At the same time, Senator Hobbs unveiled his Forward Washington Transportation Pan during a Senate Transportation Committee hearing, which relies partly on carbon pollution funding. The plan, similar to last year’s, is a package of transportation bills that would price carbon pollution and invest revenue in roads and bridges.
“Senator Hobbs and I are working closely together,” Carlyle said. “We need transportation infrastructure, yes, but we need it done in a way that reflects environmental responsibility. It’s important that the use of proceeds from carbon pricing pays for high-value, high-impact investment in clean energy and transportation.”
Jessie Martin, the Executive Director of Carbon Washington, said in an interview with Climate XChange last week that the organization is supporting cap-and-invest and a number of other climate-related bills.

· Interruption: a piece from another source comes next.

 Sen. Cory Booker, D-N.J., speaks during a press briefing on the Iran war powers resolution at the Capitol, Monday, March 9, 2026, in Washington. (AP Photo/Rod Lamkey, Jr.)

“The stage is being set for some really productive collaboration and innovation,” Martin said. “To see energy around so many different initiatives is very exciting.”
Carlyle said he senses a shift in the way people on both sides of the political spectrum perceive the climate crisis and the need to price pollution.
“There is an emerging and deep-seated recognition from both conservatives and progressives that the failure of the gas and oil industry to price the negative externalities of carbon is having a profoundly negative effect on all of us,” Carlyle said.
Washington State is certainly not alone in its push for carbon pricing; 16 states introduced carbon pricing legislation last year, and several more are expected to this session. At the federal level, ten carbon pricing bills have been introduced this session.
“Ultimately, a meaningful price on carbon is inevitable in this country,” Carlyle said. “How that unfolds — which states, in which order, and how we use those dollars to invest in the next generation of clean energy — is front and center in the political wave that is coming.”